== Segment start ==

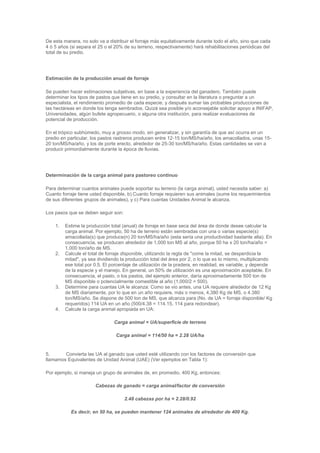 De esta manera, no solo va a distribuir el forraje más equitativamente durante todo el año, sino que cada
4 ó 5 años (si separa el 25 o el 20% de su terreno, respectivamente) hará rehabilitaciones periódicas del
total de su predio.
Estimación de la producción anual de forraje
Se pueden hacer estimaciones subjetivas, en base a la experiencia del ganadero. También puede
determinar los tipos de pastos que tiene en su predio, y consultar en la literatura o preguntar a un
especialista, el rendimiento promedio de cada especie, y después sumar las probables producciones de
las hectáreas en donde los tenga sembrados. Quizá sea posible y/o aconsejable solicitar apoyo a INIFAP,
Universidades, algún bufete agropecuario, o alguna otra institución, para realizar evaluaciones de
potencial de producción.
En el trópico subhúmedo, muy a grosso modo, sin generalizar, y sin garantía de que así ocurra en un
predio en particular, los pastos rastreros producen entre 12-15 ton/MS/ha/año, los amacollados, unas 15-
20 ton/MS/ha/año, y los de porte erecto, alrededor de 25-30 ton/MS/ha/año. Estas cantidades se van a
producir primordialmente durante la época de lluvias.
Determinación de la carga animal para pastoreo continuo
Para determinar cuantos animales puede soportar su terreno (la carga animal), usted necesita saber: a)
Cuanto forraje tiene usted disponible, b) Cuanto forraje requieren sus animales (sume los requerimientos
de sus diferentes grupos de animales), y c) Para cuantas Unidades Animal le alcanza.
Los pasos que se deben seguir son:
1. Estime la producción total (anual) de forraje en base seca del área de donde desee calcular la
carga animal. Por ejemplo, 50 ha de terreno están sembradas con una o varias especie(s)
amacollada(s) que produce(n) 20 ton/MS/ha/año (esta sería una productividad bastante alta). En
consecuencia, se producen alrededor de 1,000 ton MS al año, porque 50 ha x 20 ton/ha/año =
1,000 ton/año de MS.
2. Calcule el total de forraje disponible, utilizando la regla de "come la mitad, se desperdicia la
mitad", ya sea dividiendo la producción total del área por 2, o lo que es lo mismo, multiplicando
ese total por 0.5. El porcentaje de utilización de la pradera, en realidad, es variable, y depende
de la especie y el manejo. En general, un 50% de utilización es una aproximación aceptable. En
consecuencia, el pasto, o los pastos, del ejemplo anterior, daría aproximadamente 500 ton de
MS disponible o potencialmente comestible al año (1,000/2 = 500).
3. Determine para cuantas UA le alcanza: Como se vio antes, una UA requiere alrededor de 12 Kg
de MS diariamente, por lo que en un año requiere, más o menos, 4,380 Kg de MS, o 4.380
ton/MS/año. Se dispone de 500 ton de MS, que alcanza para (No. de UA = forraje disponible/ Kg
requeridos) 114 UA en un año (500/4.38 = 114.15, 114 para redondear).
4. Calcule la carga animal apropiada en UA:
Carga animal = UA/superficie de terreno
Carga animal = 114/50 ha = 2.28 UA/ha
5. Convierta las UA al ganado que usted esté utilizando con los factores de conversión que
llamamos Equivalentes de Unidad Animal (UAE) (Ver ejemplos en Tabla 1):
Por ejemplo, si maneja un grupo de animales de, en promedio, 400 Kg, entonces:
Cabezas de ganado = carga animal/factor de conversión
2.48 cabezas por ha = 2.28/0.92
Es decir, en 50 ha, se pueden mantener 124 animales de alrededor de 400 Kg.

== Segment end ==

Task description: The answer should contain nothing but the lines from the top of the data above through the line containing "determinar los tipos", copied exactly, with no images.

Solution to the exercise:
 De esta manera, no solo va a distribuir el forraje más equitativamente durante todo el año, sino que cada
4 ó 5 años (si separa el 25 o el 20% de su terreno, respectivamente) hará rehabilitaciones periódicas del
total de su predio.
Estimación de la producción anual de forraje
Se pueden hacer estimaciones subjetivas, en base a la experiencia del ganadero. También puede
determinar los tipos de pastos que tiene en su predio, y consultar en la literatura o preguntar a un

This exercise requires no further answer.